What's needed is the listing below, repeated word for word with no pictures.

+++ GIVEN MATERIAL

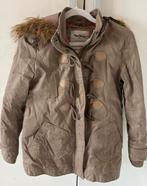 Pepe Jeans bruine winterjas 140/146 (maat 12), Gebruikt, Pepe Jeans, Meisje, Ophalen of Verzenden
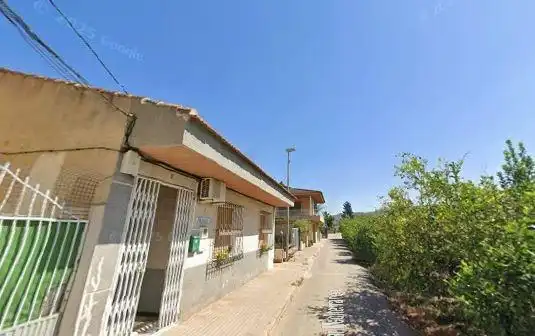 Vista exterior de Piso en venta en Murcia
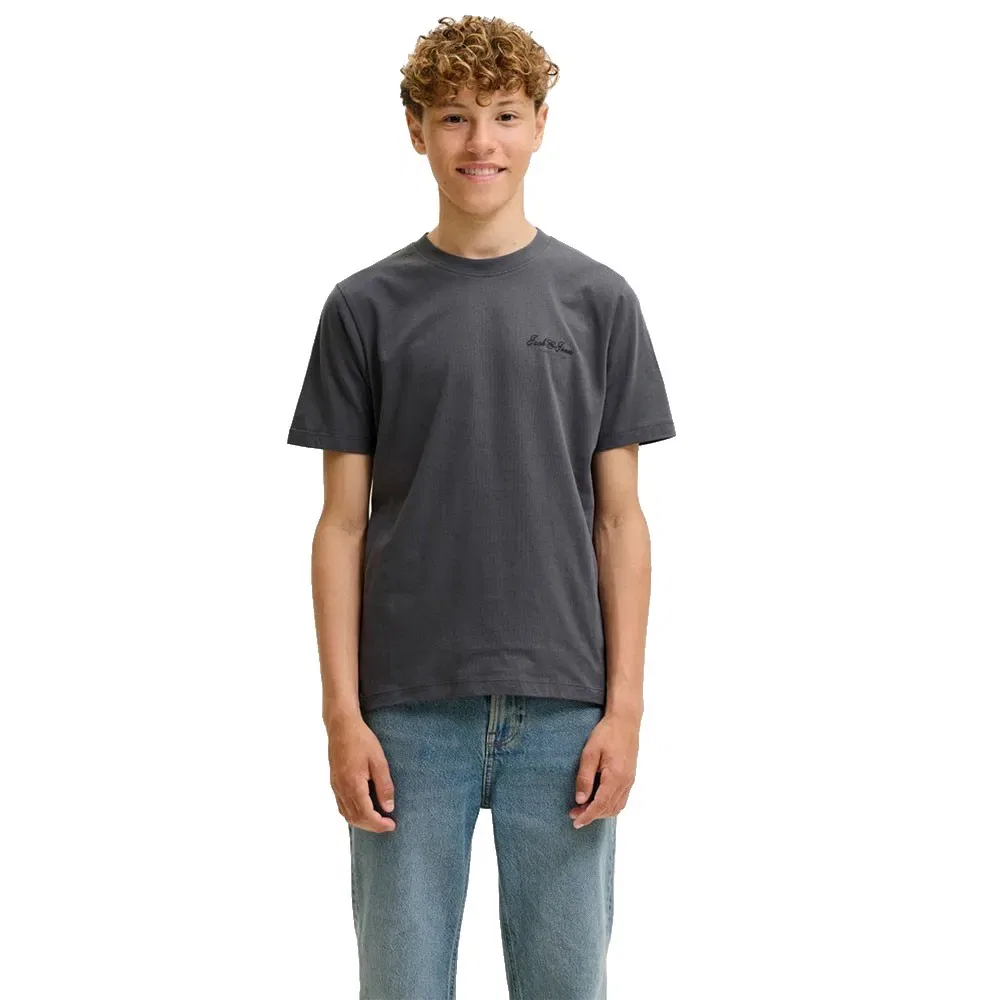 Детская футболка с архивным принтом Jack & jones, Grey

++++++

▶ TASK SOLUTION
 Pepe Jeans bruine winterjas 140/146 (maat 12), Gebruikt, Pepe Jeans, Meisje, Ophalen of Verzenden
 Vista exterior de Piso en venta en Murcia
 Детская футболка с архивным принтом Jack & jones, Grey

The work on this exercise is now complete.